In the previous example, flume is the first component of the principal name, fully.qualified.domain.name is the second, and YOUR-REALM.COM is the name of the Kerberos realm your Hadoop cluster is in. The /etc/flume-ng/conf/flume.keytab file contains the keys necessary for flume/fully.qualified.domain.name@YOUR-REALM.COM to authenticate with other services.

Flume and Hadoop also provide a simple keyword, _HOST, that gets expanded to be the fully qualified domain name of the host machine where the service is running. This allows you to have one flume.conf file with the same hdfs.kerberosPrincipal value on all of your agent host machines.

agentName.sinks.sinkName.hdfs.kerberosPrincipal = flume/_HOST@YOUR-REALM.COM

Writing as different users across multiple HDFS sinks in a single Flume agent

In this release, support has been added for secure impersonation of Hadoop users (similar to "sudo" in UNIX). This is implemented in a way similar to how Oozie implements secure user impersonation.

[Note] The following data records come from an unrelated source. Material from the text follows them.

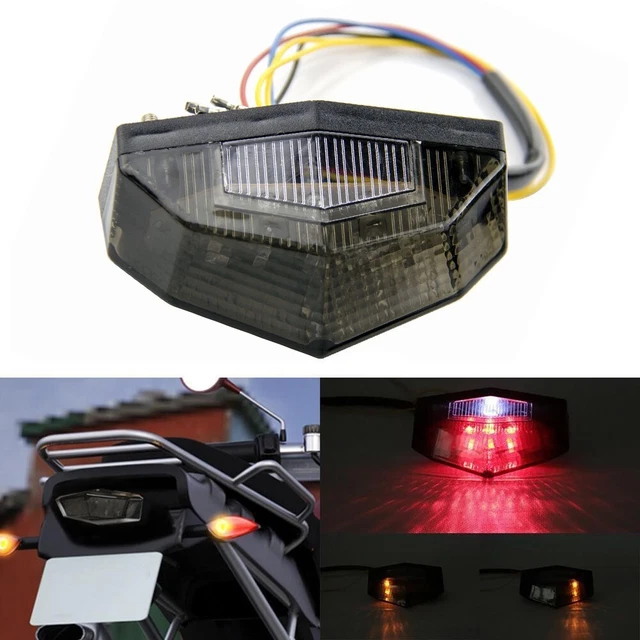 Aqxreight Feu Arrière LED Pour Motos, Super Luminosité, Conception Intégrée Pour Z800 2013 2014 (Chaperon Rouge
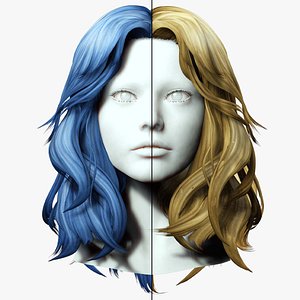 3D Short Wavy Asymmetrical Hair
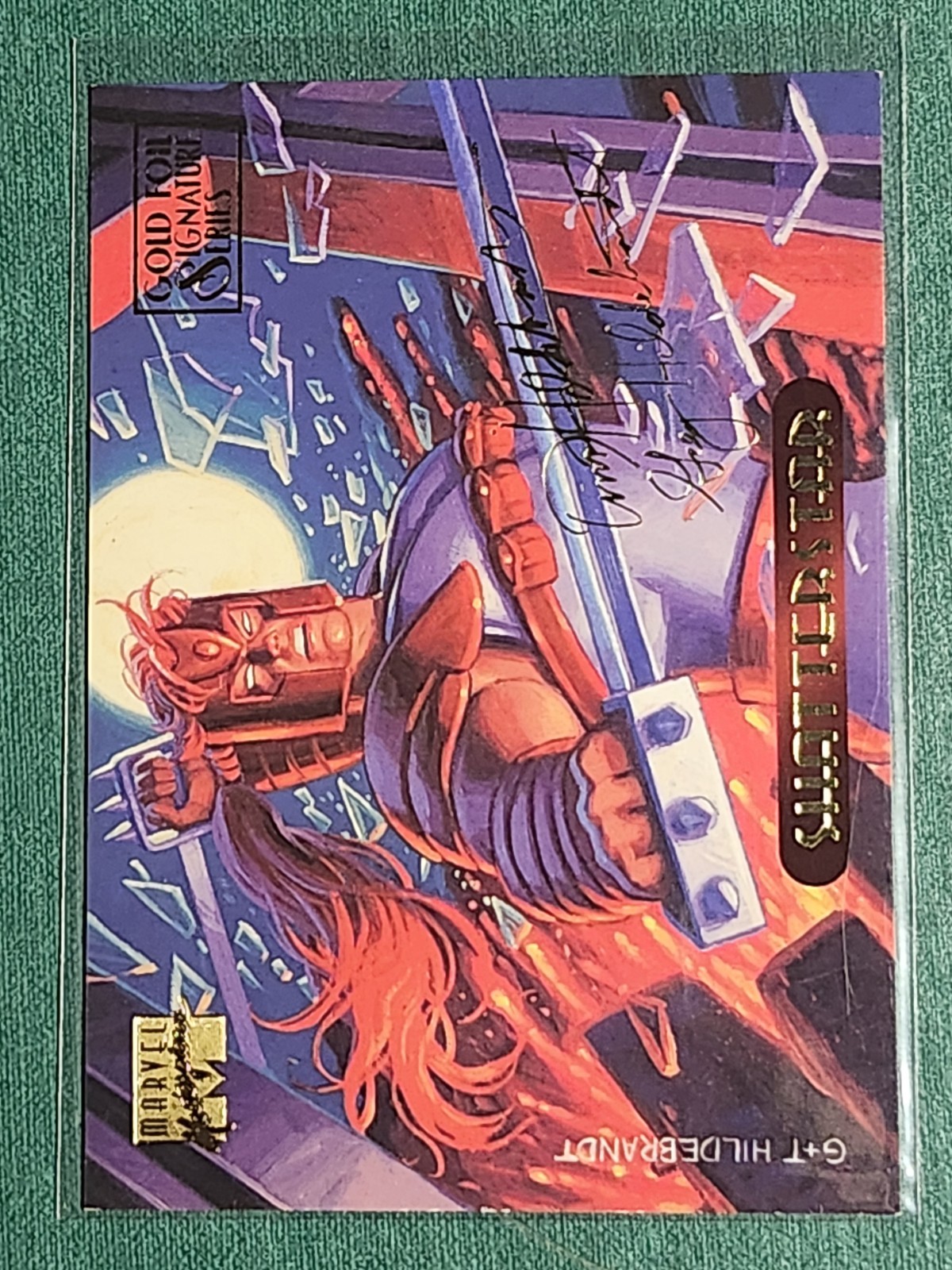 1994 Fleer Marvel Masterpieces Gold Foil Signature Series Shatterstar #107 Card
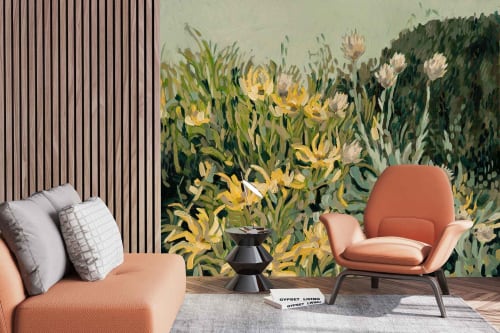 Leucadendron and Everlasting | Wallpaper by Cara Saven Wall Design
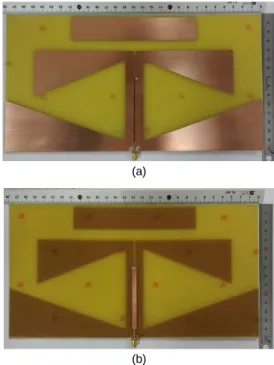 Fig. 5 3D Radiation patterns: (a) 470 MHz and (b) 800  MHz Ⅲ. 안테나 제작 및 실험 결과 그림 6은 제작된 QYA의 사진이며, 안테나의 크기는  280 mm × 150 mm이다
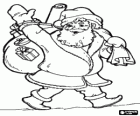Santa Claus waving and carrying the big bag of gifts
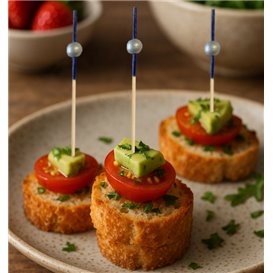 Bamboo Skewer Blue/Silver 10cm (100 Units)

The following steps to set up secure impersonation from Flume to HDFS assume your cluster is configured using Kerberos. (However, impersonation also works on non-Kerberos secured clusters, and Kerberos-specific aspects should be omitted in that case.)

  1. Configure Hadoop to allow impersonation. Add the following configuration properties to your core-site.xml.
    <property>
         <name>hadoop.proxyuser.flume.groups</name>
         <value>group1,group2</value>
         <description>Allow the flume user to impersonate any members of group1 and group2</description>
    </property>
    <property>
         <name>hadoop.proxyuser.flume.hosts</name>
         <value>host1,host2</value>
         <description>Allow the flume user to connect only from host1 and host2 to impersonate a user</description>
    </property>
    You can use the wildcard character * to enable impersonation of any user from any host. For more information, see Secure Impersonation.
  2. Set up a Kerberos keytab for the Kerberos principal and host Flume is connecting to HDFS from. This user must match the Hadoop configuration in the preceding step. For instructions, see Configuring Hadoop Security in CDH4.
  3. Configure the HDFS sink with the following configuration options:
  4. hdfs.kerberosPrincipal - fully-qualified principal. Note: _HOST will be replaced by the hostname of the local machine (only in-between the / and @ characters)
  5. hdfs.kerberosKeytab - location on the local machine of the keytab containing the user and host keys for the above principal
  6. hdfs.proxyUser - the proxy user to impersonate

Example snippet (the majority of the HDFS sink configuration options have been omitted):

agent.sinks.sink-1.type = HDFS
agent.sinks.sink-1.hdfs.kerberosPrincipal = flume/_HOST@YOUR-REALM.COM
agent.sinks.sink-1.hdfs.kerberosKeytab = /etc/flume-ng/conf/flume.keytab
agent.sinks.sink-1.hdfs.proxyUser = weblogs

agent.sinks.sink-2.type = HDFS
agent.sinks.sink-2.hdfs.kerberosPrincipal = flume/_HOST@YOUR-REALM.COM
agent.sinks.sink-2.hdfs.kerberosKeytab = /etc/flume-ng/conf/flume.keytab
agent.sinks.sink-2.hdfs.proxyUser = applogs

In the above example, the flume Kerberos principal impersonates the user weblogs in sink-1 and the user applogs in sink-2. This will only be allowed if the Kerberos KDC authenticates the specified principal (flume in this case), and the if NameNode authorizes impersonation of the specified proxy user by the specified principal.

Limitations

At this time, Flume does not support using multiple Kerberos principals or keytabs in the same agent. Therefore, if you want to create files as multiple users on HDFS, then impersonation must be configured, and exactly one principal must be configured in Hadoop to allow impersonation of all desired accounts. In addition, the same keytab path must be used across all HDFS sinks in the same agent. If you attempt to configure multiple principals or keytabs in the same agent, Flume will emit the following error message:

Cannot use multiple kerberos principals in the same agent. Must restart agent to use new principal or keytab.